I do plan to write more about the experience, as I’ve not fully field tested the laptop. Here are a few things about the Linux experience:

  • I’ve completely migrated to Google Slides. I know, Powerpoint, Keynote, blah, blah. I’ve used them for years. I’ve found it much better to just settle on Google Slides as I always have a backup, I can use it on any Internet connection device, export in different formats, and easily share and allow others to edit my slides.
  • Google Chrome is awesome, I use a few extensions to replace some OS X software, for example: Google Hangouts, Twitter, Signal, Google Keep, and a few others I am forgetting.
  • For email I’ve switched back to Thunderbird, and admittedly, Postbox for OS X is a much better client.
  • I am still searching for a good RSS feed reader, though Inoreader looks promising.
  • Many of my other applications have been replaced with Cloud services (GoToMeeting, ticketing system, CRM, Calendar/Scheduler, Password Manager, etc…)

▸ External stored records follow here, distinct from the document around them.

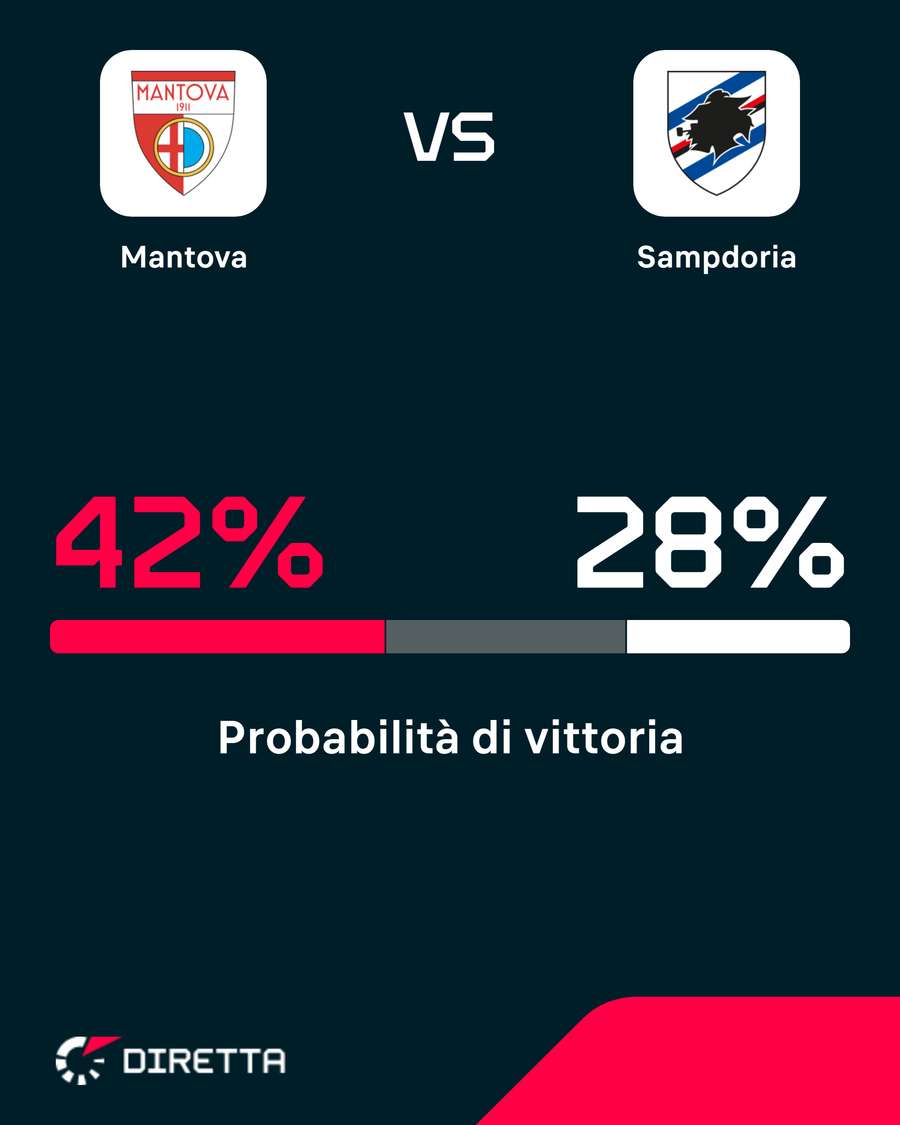 Mantova favoriti Mantova favoriti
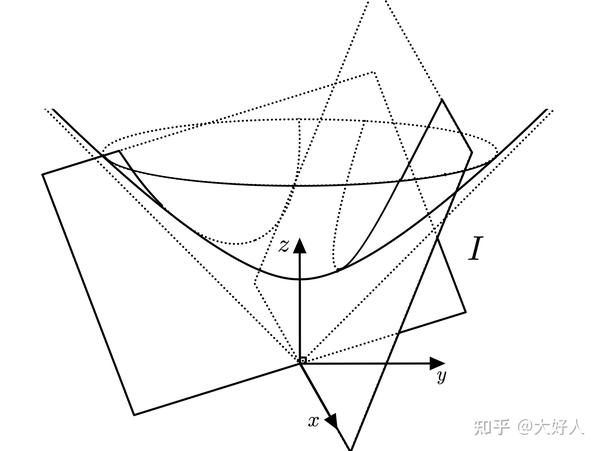 双曲曲面与其上闭测地线(1) 双曲平面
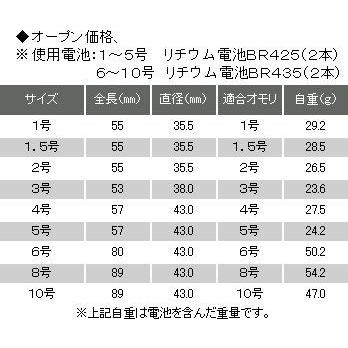 ヒロミ産業 電気ウキ e-遠投 V6 レッド サイズ 1.5号 ( 定形外可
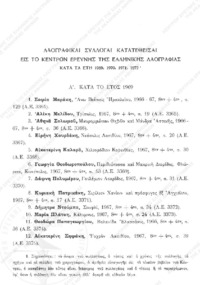 Φωτογραφία του περιγραφόμενου στοιχείου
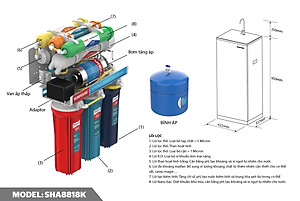 Máy Lọc Nước R.O 8 Lõi Sunhouse SHA8818K - Hàng Chính Hãng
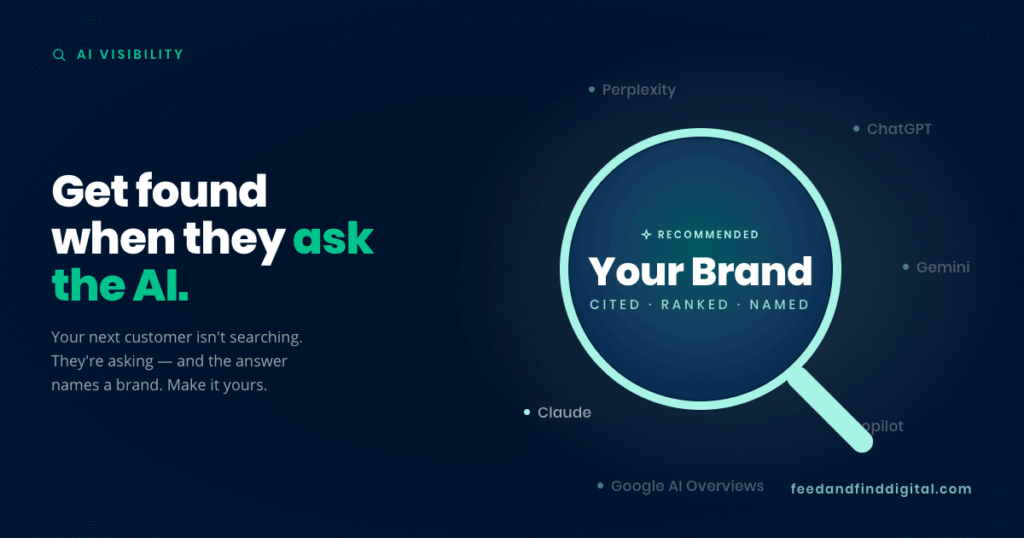 Magnifying glass spotlighting "Your Brand — Cited, Ranked, Named" surrounded by AI platforms including ChatGPT, Perplexity, Gemini, and Google AI Overviews, with the headline "Get found when they ask the AI." — Feed and Find Digital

There are a couple of things that are troublesome, and represent some of the reasons why I’ve been holding back on a Linux laptop:

1) I had a wireless mouse, and it refused to work out-of-the-box. I need to research this more, but this is one thing that always “just worked” on OS X. I’d much rather spend my time on other things, like some of my coding projects.

2) I tried to setup the laptop to print at home, and failed. This again requires more research and is a bit annoying. Not that I print that often, but sometimes we go to an event that still requires a printed ticket. I’m certain I can get it to work, likely a late evening after the kids are asleep, however this is time I would rather spend building and configuring my MythTV box.

More to follow as I use the laptop more. I will say I am really excited to have an awesome Linux laptop. It provides me with ultimate control and flexibility, a great development platform, and all of the productivity tools I require for my current job as CEO of this crazy podcast company!